In fact, despite my interest in the topic, I was a little reluctant at first to get stuck into Mr. Midler’s book. From the subtitle, “An insider’s account of the tactics behind China’s production game,” and somewhat staid cover art I was expecting something didactic, in the style of the business books I tend not to like. Do not, as the old adage goes, judge a book by its cover. I was pleasantly surprised to find that “Poorly Made in China” is in fact a well told personal narrative of Mr. Midler’s own experiences helping foreign companies to arrange manufacturing relationships in South China. Once opened, I found it entertaining and enlightening (a rare combination also recently attained by Jonathan Fenby’s “Penguin History of Modern China”, one of the books ahead of Mr. Midler’s in my queue, which I recommend to all China expats not already versed in modern Chinese history).
Most of the story concerns Mr. Midler’s work with an American client manufacturing personal care products (e.g. soaps and shampoos) in China. What could go wrong with soap, you ask? Plenty, it turns out, and the story revolves around the struggle of Mr. Midler and his client to maintain quality standards (of the product, the packaging, the factory sanitation — you name it) in the teeth of entrenched Chinese business habits that seem to give rise to corner-cutting at every imaginable opportunity and a few unimaginable ones. From this main thread Mr. Midler branches off into other interesting stories and illustrations.

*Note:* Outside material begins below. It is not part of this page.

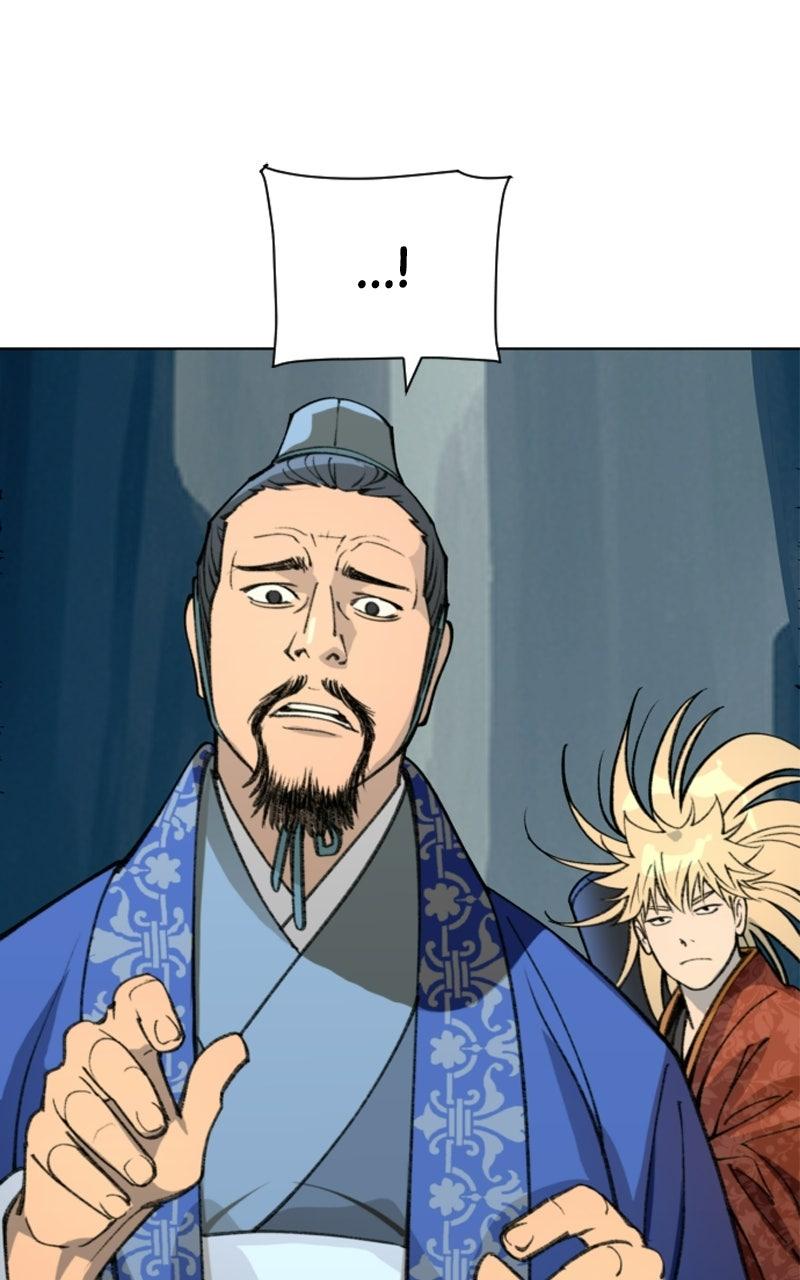 The Monkey King's Journey to the Murim Chapter 56 page 60 - 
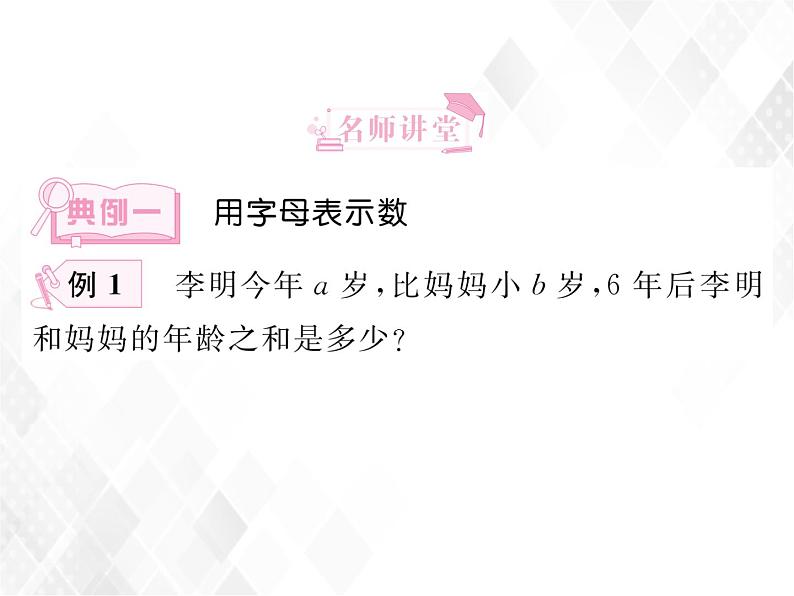 小升初数学复习 第8课时  用字母表示数 授课课件+练习课件05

“So what?” you may be saying to yourself. Chinese manufacturers cut corners at every opportunity. What else is new? Even my Singaporean mother-in-law knows this. “Keep a hand on your wallet,” she warned me when I announced my intention to move myself and her daughter to China six years ago. Needless to say, my personal experience here has been much more positive than she expected, but much of the mainstream reporting on the product quality crises of the last couple of years took a similarly one-dimensional China-as-villain tone.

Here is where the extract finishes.